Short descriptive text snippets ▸
━━━━

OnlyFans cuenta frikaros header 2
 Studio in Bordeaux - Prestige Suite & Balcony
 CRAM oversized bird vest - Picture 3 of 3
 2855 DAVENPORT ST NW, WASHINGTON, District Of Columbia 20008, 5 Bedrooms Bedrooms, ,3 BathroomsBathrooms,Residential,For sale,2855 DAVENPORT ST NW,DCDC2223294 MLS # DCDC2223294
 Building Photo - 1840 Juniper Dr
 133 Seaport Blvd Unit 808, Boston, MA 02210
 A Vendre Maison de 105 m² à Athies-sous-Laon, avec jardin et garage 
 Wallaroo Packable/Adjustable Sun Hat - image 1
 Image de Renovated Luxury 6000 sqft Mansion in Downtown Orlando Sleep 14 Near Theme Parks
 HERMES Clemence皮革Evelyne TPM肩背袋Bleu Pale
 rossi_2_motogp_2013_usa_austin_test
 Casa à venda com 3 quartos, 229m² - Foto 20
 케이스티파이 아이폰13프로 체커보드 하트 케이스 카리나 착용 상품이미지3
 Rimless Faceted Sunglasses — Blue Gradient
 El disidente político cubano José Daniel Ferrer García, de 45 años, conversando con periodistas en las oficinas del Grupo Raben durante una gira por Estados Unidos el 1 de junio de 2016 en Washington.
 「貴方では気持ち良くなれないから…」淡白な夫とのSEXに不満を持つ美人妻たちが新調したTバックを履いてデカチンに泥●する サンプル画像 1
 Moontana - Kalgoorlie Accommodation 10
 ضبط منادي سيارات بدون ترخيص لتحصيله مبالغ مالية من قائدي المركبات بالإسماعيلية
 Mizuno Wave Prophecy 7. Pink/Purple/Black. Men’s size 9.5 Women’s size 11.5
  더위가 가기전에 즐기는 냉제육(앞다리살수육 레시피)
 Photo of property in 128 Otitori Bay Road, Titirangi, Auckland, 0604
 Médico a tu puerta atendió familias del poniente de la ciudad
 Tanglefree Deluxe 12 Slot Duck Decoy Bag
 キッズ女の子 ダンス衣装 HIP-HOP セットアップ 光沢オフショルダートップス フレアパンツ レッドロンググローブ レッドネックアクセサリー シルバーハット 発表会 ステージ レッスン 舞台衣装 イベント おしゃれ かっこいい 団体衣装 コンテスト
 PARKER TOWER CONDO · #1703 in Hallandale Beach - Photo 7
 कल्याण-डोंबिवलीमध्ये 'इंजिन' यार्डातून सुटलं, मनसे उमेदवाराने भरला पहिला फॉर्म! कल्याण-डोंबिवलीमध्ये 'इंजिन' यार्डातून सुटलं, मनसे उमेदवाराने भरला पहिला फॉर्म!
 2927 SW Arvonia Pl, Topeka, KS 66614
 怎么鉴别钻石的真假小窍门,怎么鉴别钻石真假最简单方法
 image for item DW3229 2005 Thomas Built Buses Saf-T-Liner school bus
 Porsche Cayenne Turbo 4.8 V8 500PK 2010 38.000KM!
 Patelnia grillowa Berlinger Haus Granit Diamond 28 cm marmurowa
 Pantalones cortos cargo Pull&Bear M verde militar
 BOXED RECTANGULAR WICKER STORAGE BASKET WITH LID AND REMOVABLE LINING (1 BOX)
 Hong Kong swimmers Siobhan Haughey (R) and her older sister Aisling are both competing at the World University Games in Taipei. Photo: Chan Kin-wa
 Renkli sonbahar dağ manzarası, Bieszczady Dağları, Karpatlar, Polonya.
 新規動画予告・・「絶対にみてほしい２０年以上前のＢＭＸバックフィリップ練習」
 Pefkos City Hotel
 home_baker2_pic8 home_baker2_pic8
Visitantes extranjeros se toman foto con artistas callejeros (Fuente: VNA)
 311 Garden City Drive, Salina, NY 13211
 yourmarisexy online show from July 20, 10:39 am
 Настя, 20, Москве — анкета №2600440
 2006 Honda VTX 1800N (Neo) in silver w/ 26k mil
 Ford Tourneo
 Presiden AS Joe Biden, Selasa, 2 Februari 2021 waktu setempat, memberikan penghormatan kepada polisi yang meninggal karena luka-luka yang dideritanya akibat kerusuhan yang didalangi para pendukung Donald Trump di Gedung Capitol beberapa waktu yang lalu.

━━━━

Work to complete ▸
Repeat the records above line by line, from the first line through the line that contains "A Vendre Maison".

Exercise result ▸
OnlyFans cuenta frikaros header 2
 Studio in Bordeaux - Prestige Suite & Balcony
 CRAM oversized bird vest - Picture 3 of 3
 2855 DAVENPORT ST NW, WASHINGTON, District Of Columbia 20008, 5 Bedrooms Bedrooms, ,3 BathroomsBathrooms,Residential,For sale,2855 DAVENPORT ST NW,DCDC2223294 MLS # DCDC2223294
 Building Photo - 1840 Juniper Dr
 133 Seaport Blvd Unit 808, Boston, MA 02210
 A Vendre Maison de 105 m² à Athies-sous-Laon, avec jardin et garage 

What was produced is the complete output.